28 November 2011

USA vs. Deutschland: Practical and Cultural Differences

Silver Future, Neukölln, Monday Night       

It's Monday evening, just after 7, and I'm sitting in Silver Future, my favorite queer cafe in Berlin, sipping a mixbier (light beer with lemon and sugar) slowly, trying to kill time until I go to the Sandmann around 9 pm to meet Annette and Sara, two of the artists I ocassionally model for.  I've got some studying to do for my German class and a hat to finish, but I thought I'd make another list first.  This one is:

Practical and Cultural Differences: How Berlin is Different than the San Francisco Bay Area
 
1. Alcohol is not taboo in Germany.  You can go into a Spätkauf (convenience store), but a beer, open it in the store and walk down the street drinking it.  You can also ride the Bahn with an open container.

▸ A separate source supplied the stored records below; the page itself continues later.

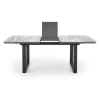 Jedálenský stôl Marley, mramor / čierna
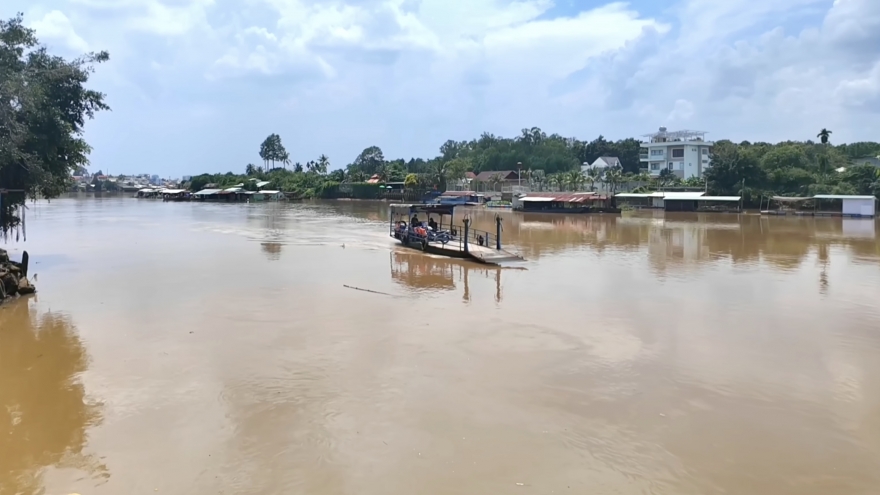 Cảnh báo đỉnh triều trên sông Đồng Nai có khả năng vượt mức báo động 2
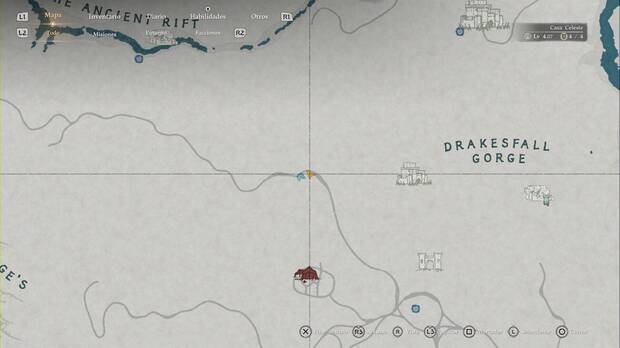 Crimson Desert - Desaf�os de Arma a dos manos, ubicaci�n de Tajo abrumador I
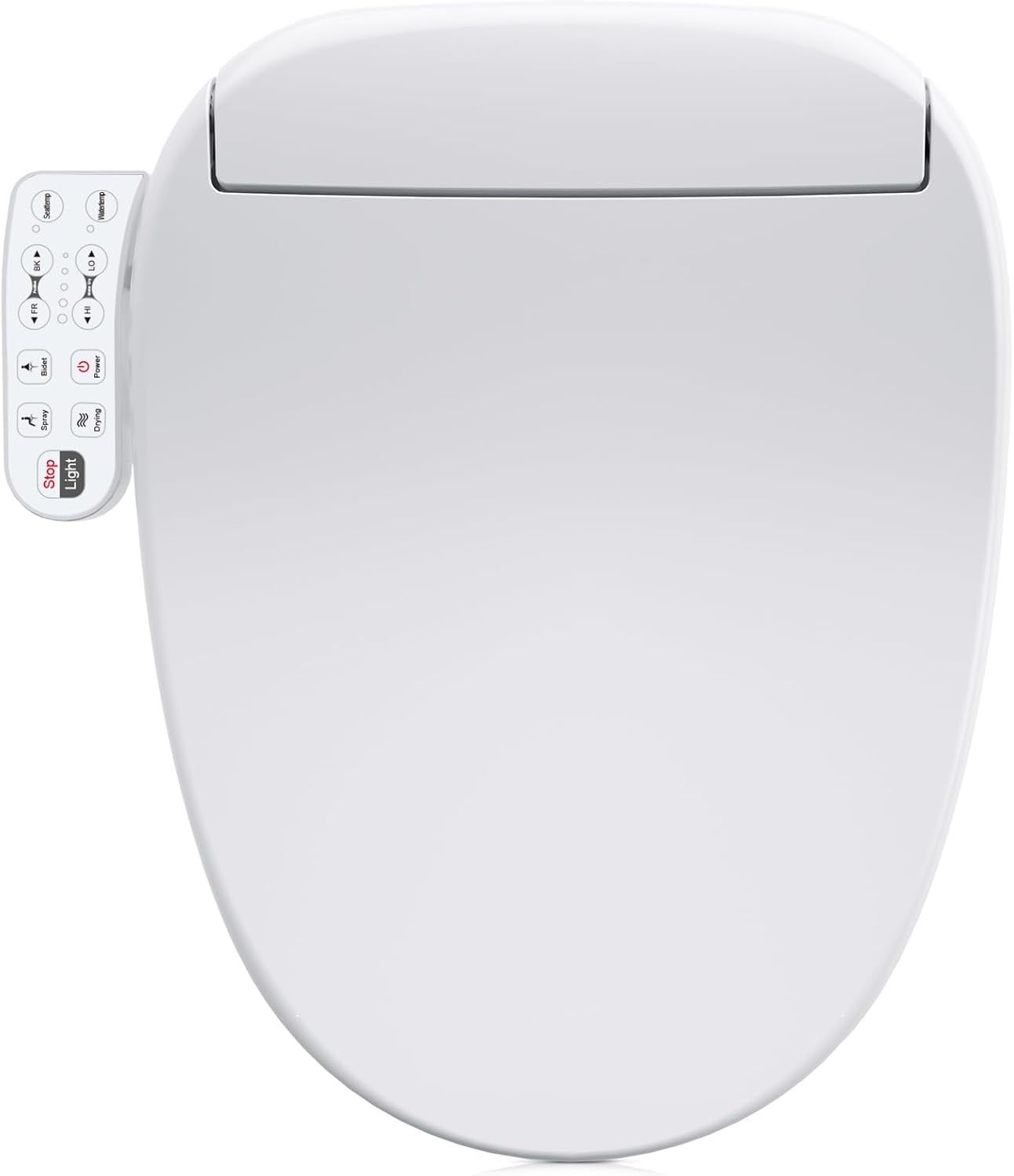 ZMJH 236 Smart Bidet Toilet Seat Elongated - Endless Warm Water, Heated Seat & Vortex Wash, Dual Front/Rear Cleaning, Warm Air Dryer, LED Night Light, Electric-Powered (Elongated) Oval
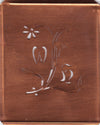 WH - Hübsche, verspielte Monogramm Schablone Blumenumrandung
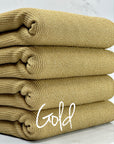 (LUREX URBAN RIB) GOLD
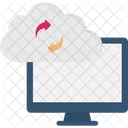 Application Status Cloud Application Update Data Synchronization Icon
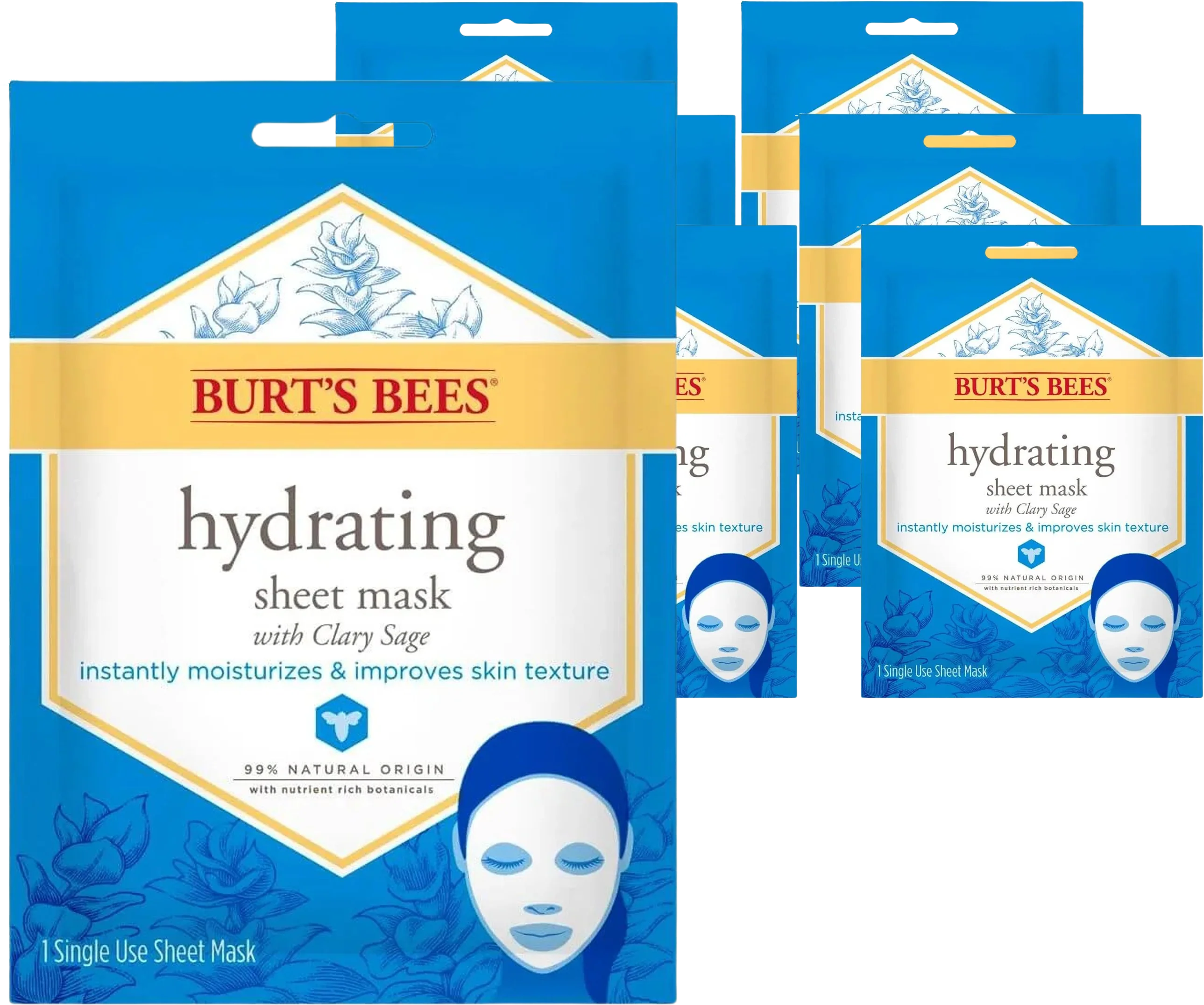 Hydrating Sheet Mask (6 Pack)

No one cares.  Surprisingly, things don't get too out of hand.  Folks are, for the most part, responsible with their drinking in public (comparatively.)  I think I could live here for 20 years and the thrill of walking down the street with a completely visible open container of alcohol would never wear off.
2. Dogs may ride public transit unmuzzled.  People are expected to take responsibility for their animal companions in public.  Can you imagine?

3. Police, Ambulance, and Fire Engine Sirens sound different

4. You don't get free plastic bags at the Supermarket. You are expected to bring your own bags to the grocery store.  If you forgot, you can buy a plastic bag for a few Euro cents.  The exception to this is the many Turkish groceries around.  They will put your things in plastic bags for free.

5. You have to request ice in your beverage. That's right! Whether it's water, OJ, or Cola, you must specifically request that you want ice or you don't get any!  The exception may be McDonald's, but I haven't been to a McDonald's in Deutschland, so I don't know.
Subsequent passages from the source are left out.